#### TASK PROMPT:
Output all the data exactly. Pictures do not belong in the copy.

#### DATA PROVIDED:
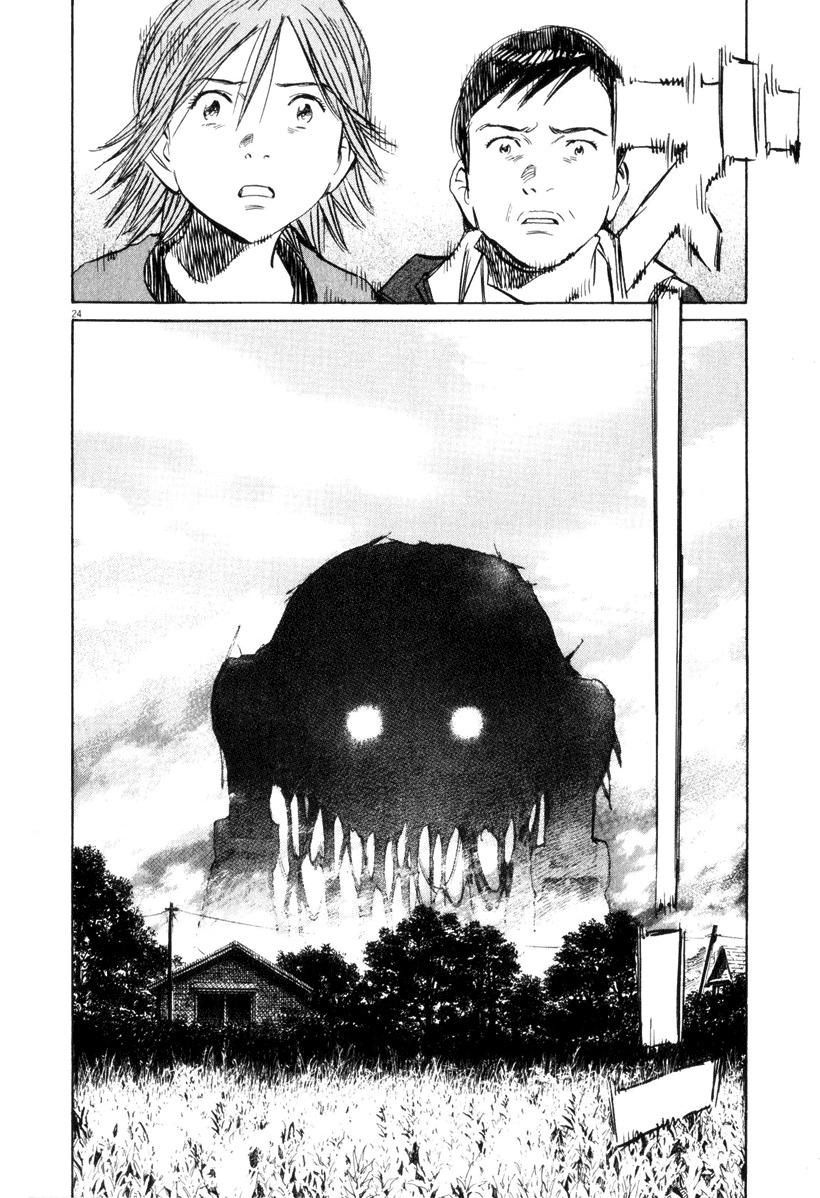 21st Century Boys Chapter 12 page 24 - Chapter 12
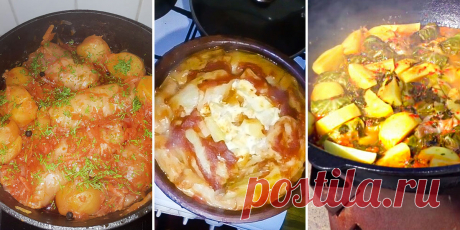 Голубцы с картошкой: гораздо вкуснее, чем может казаться - БУДЕТ ВКУСНО! - медиаплатформа МирТесен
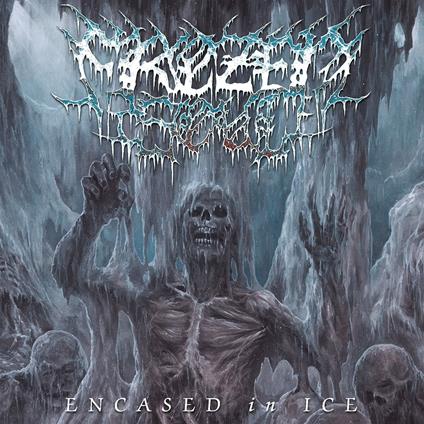 Encased in Ice Ep (Re-Issue 2021) - Vinile LP di Frozen Soul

#### TASK RESPONSE:
 21st Century Boys Chapter 12 page 24 - Chapter 12
 Голубцы с картошкой: гораздо вкуснее, чем может казаться - БУДЕТ ВКУСНО! - медиаплатформа МирТесен
 Encased in Ice Ep (Re-Issue 2021) - Vinile LP di Frozen Soul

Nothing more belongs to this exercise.